Пётр Миронович Машеров. Дорога в бессмертие | страница 11
Тот ответил:
— Если и дальше будут лезть не в своё дело — всех посылайте на х... и скажите, что это я сказал.
Какие бы мы ни были расторопные, всё предусмотреть было невозможно.
После прощальных речей, перед Домом правительства стала формироваться колонна к движению по Ленинскому проспекту в сторону Площади Победы.
Полковники забегали, раздавая команды своим подчинённым, но не предусмотрели одного — огромные и тяжёлые венки в голове колонны было поручено нести лучшим офицерам, а эти лучшие — разного роста, да и не такие здоровяки, чтобы выдержать путь от Дома правительства до площади Победы. К тому же один обронил, что у него — язва.
Пришлось, не имея на то полномочий, подстраховать — пристроиться за венценосцами впереди колонны и поставить им в затылок ещё четырёх военных, которые по мере движения по моей команде подменяли обессиленных несущих.
Встретившись на площади Победы, мы с заместителем заведующего организационным отделом горкома Вячеславом Кузнецовым (будущим замом Шушкевича, а потом — послом в Китае) срочно выехали к Московскому кладбищу, чтобы посмотреть, всё ли там подготовлено к прибытию похоронной процессии.
Волосы встали дыбом, когда нас встретила огромная и никем не управляемая толпа народа — вся милиция была стянута в город.
На сей раз выручили чёрные кожаные пальто с траурными повязками, которые делали нас похожими на чекистов.
Понимая, что уговорами с толпой не справишься, мы буквально накинулись на людей, требуя расчистить коридор достаточной ширины для проезда автомобилей к кладбищу.
Наша решимость была оплачена покорностью народной — люди пришли в движение и распределились по обе стороны проезжей части, сжимая в руках цветы.
Мы были настолько измотаны, что валились с ног и еле дожили до последних минут прощания с Петром Мироновичем.

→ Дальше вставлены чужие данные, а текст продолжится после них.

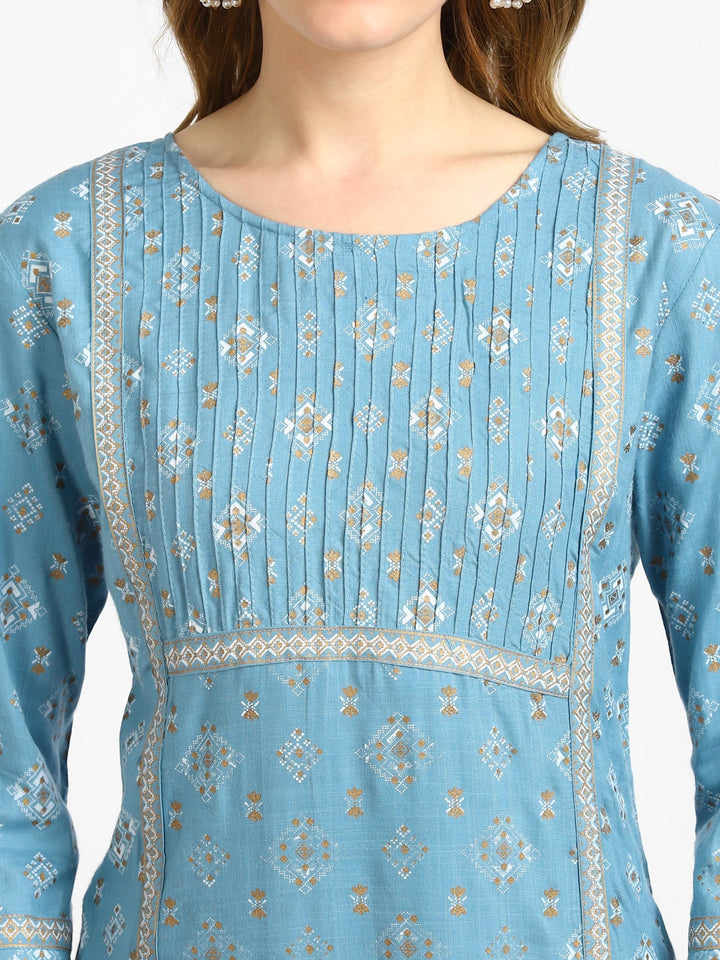 RangDeep Sky Blue Printed Kurta Kurti Rangdeep-Fashions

Запомнились не прощальные речи, а огромная гора цветов, которая возвышалась над могилой Машерова. И это была только какая-то часть, потому что людей попросили возложить их на могилу народного любимца после того, как закончится официальная церемония и начальство уедет.
На следующий день всем нам было тяжко на душе, так как горкомовцы, как никто другой, были насквозь пронизаны многотысячной народной скорбью.
Нам казалось, что безмолвные плачущие люди кричали нам в лицо: «Ну как же вы не уберегли его! Что теперь будет?»
Зябко было и потому, что все мы в ряде ситуаций превысили свои полномочия и, ликвидируя организационные прорехи, буквально бросались на амбразуру, не думая о возможных последствиях. Но молодости в те времена море было по колено.